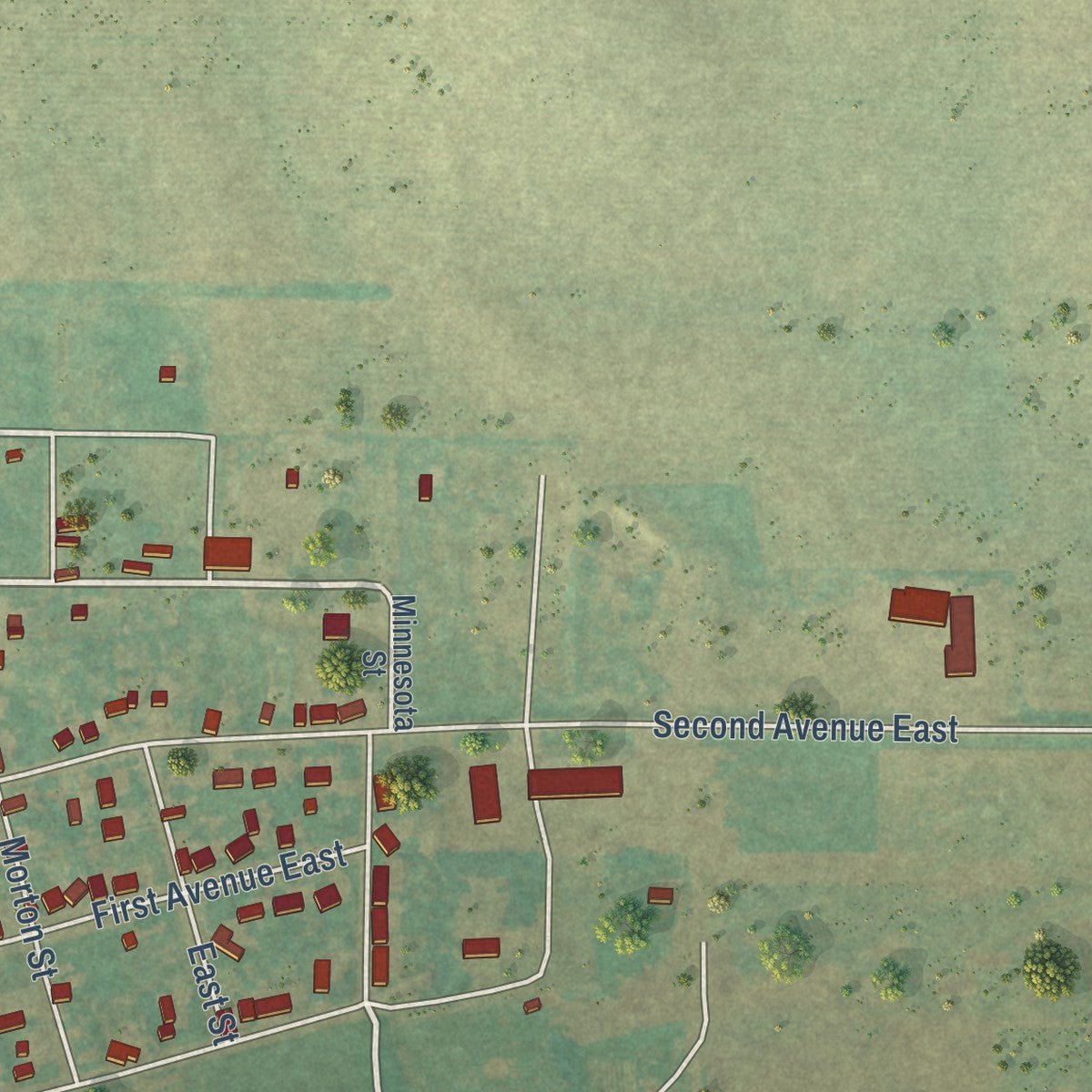 Second close-up of the map of Carson, North Dakota print showing more streets and buildings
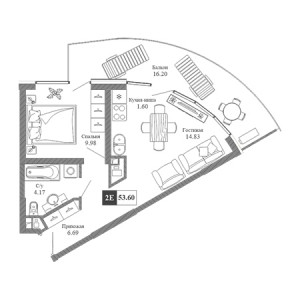 2 комнатная 53.6м²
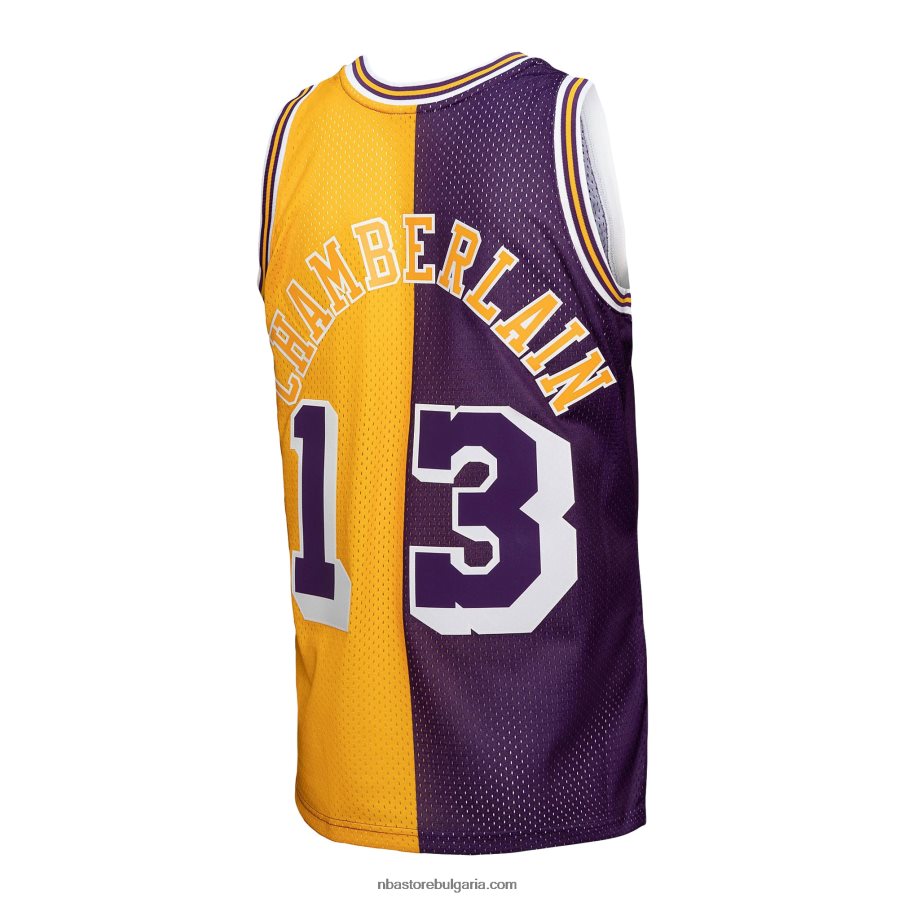 NBA JZ8F024704 Лос Анджелис Лейкърс Wilt Chamberlain purple/gold hardwood classics 1971-72 split swingman фланелка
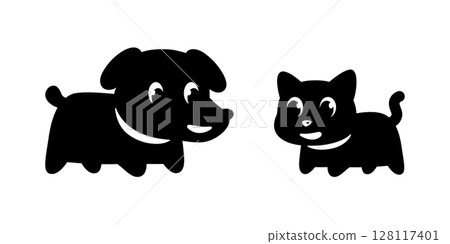 dog cat pet icon logo vector puppy kitten calico cartoon character doodle symbol illustration isolated design 128117401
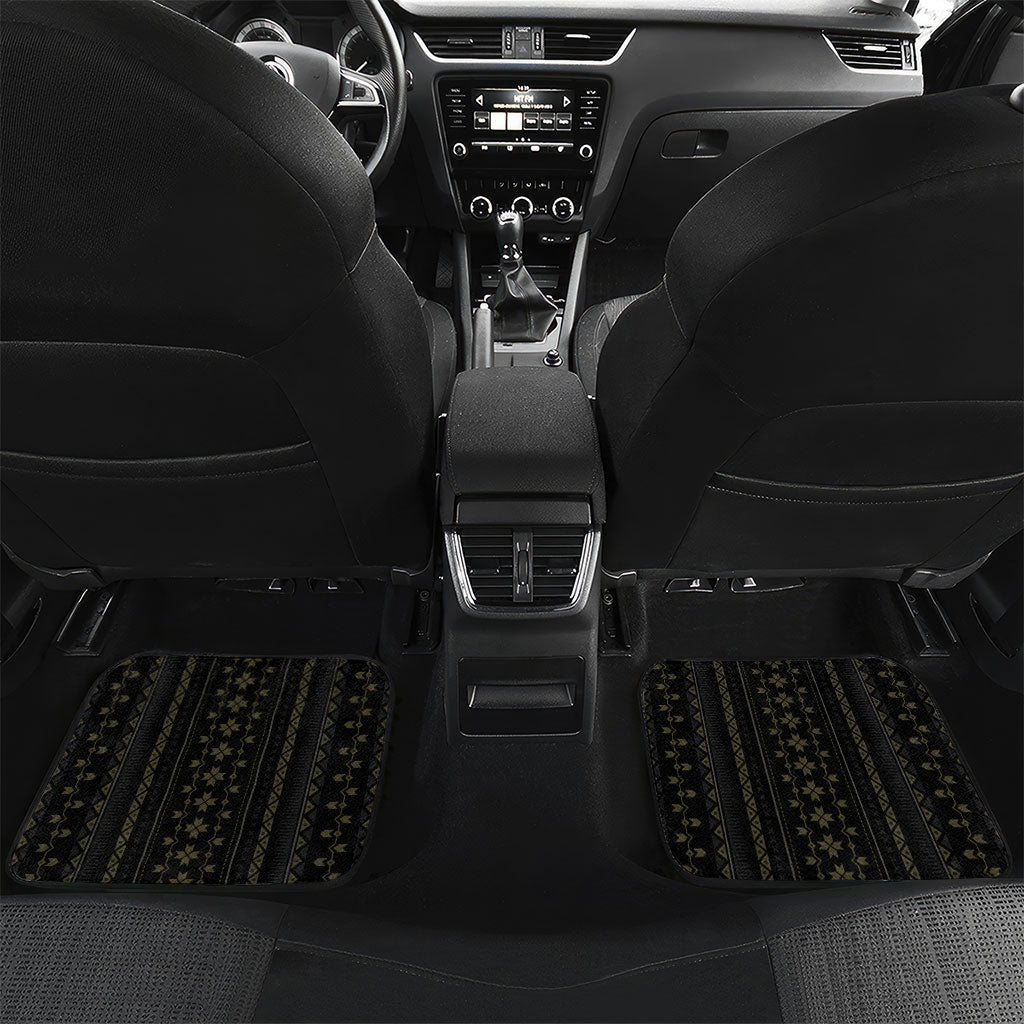 Personalised Philippines Filipinos Car Mats Igorot Tribal Inspiration Pattern Style LT05 Set 2pcs - Back Black - Polynesian Pride
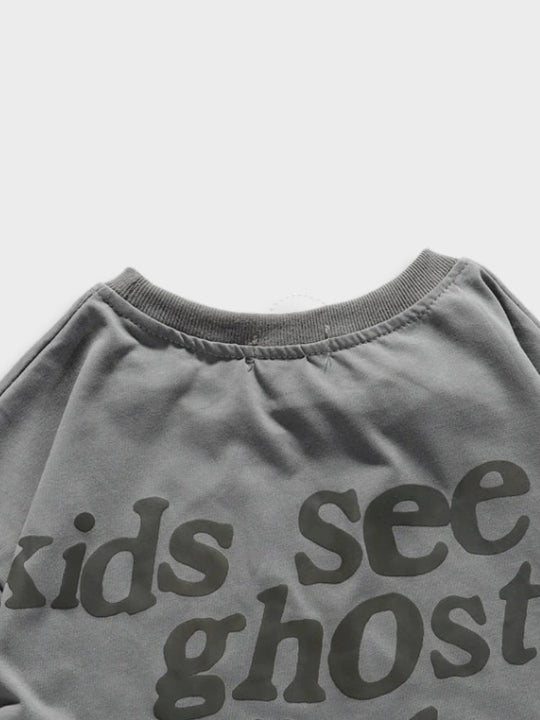 LifeOfStreetwear | Unisex Gray Heart Graphic Oversized T-Shirt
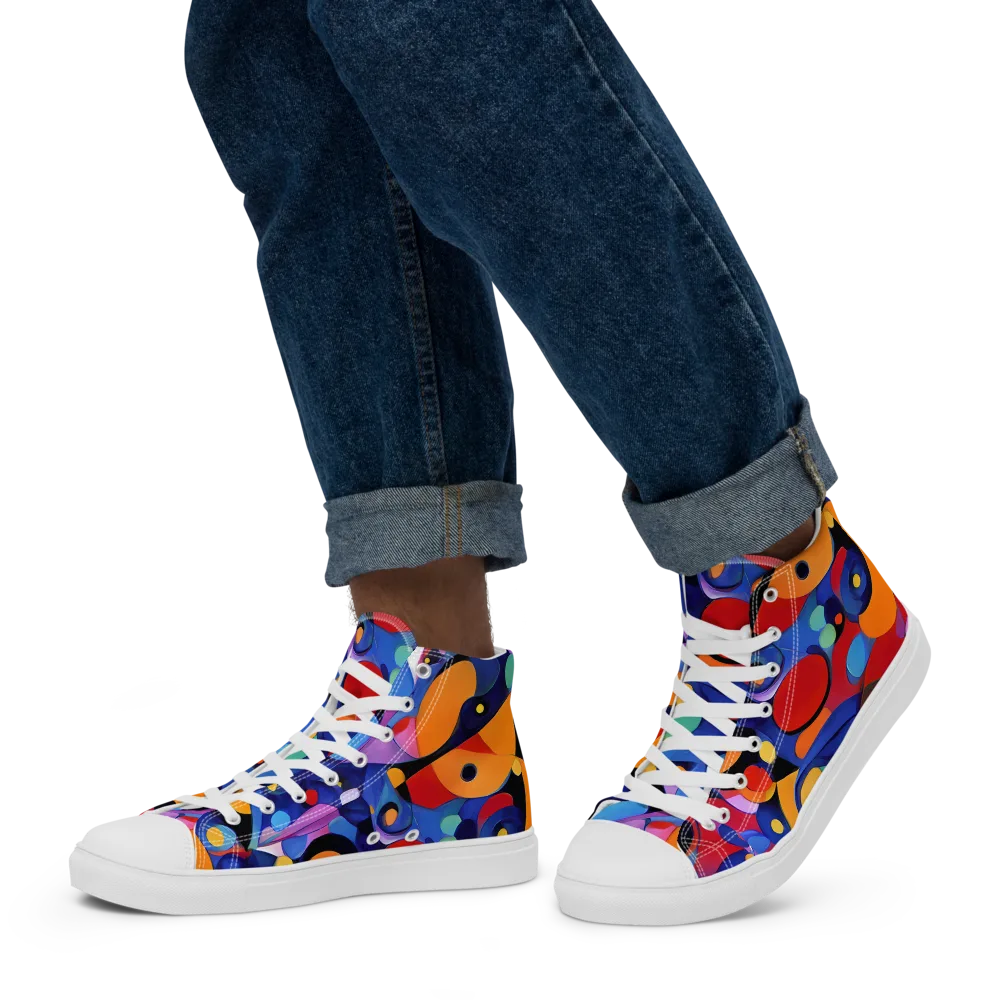 Prismatic Playground on Men's High Top Canvas Shoes — Left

• • •

(GOAL OF THE EXERCISE)
Each line above must be set down exactly, though no picture should be carried over.

(SOLUTION FOR THIS EXERCISE)
 Second close-up of the map of Carson, North Dakota print showing more streets and buildings
 2 комнатная 53.6м²
 NBA JZ8F024704 Лос Анджелис Лейкърс Wilt Chamberlain purple/gold hardwood classics 1971-72 split swingman фланелка
 dog cat pet icon logo vector puppy kitten calico cartoon character doodle symbol illustration isolated design 128117401
 Personalised Philippines Filipinos Car Mats Igorot Tribal Inspiration Pattern Style LT05 Set 2pcs - Back Black - Polynesian Pride
 LifeOfStreetwear | Unisex Gray Heart Graphic Oversized T-Shirt
 Prismatic Playground on Men's High Top Canvas Shoes — Left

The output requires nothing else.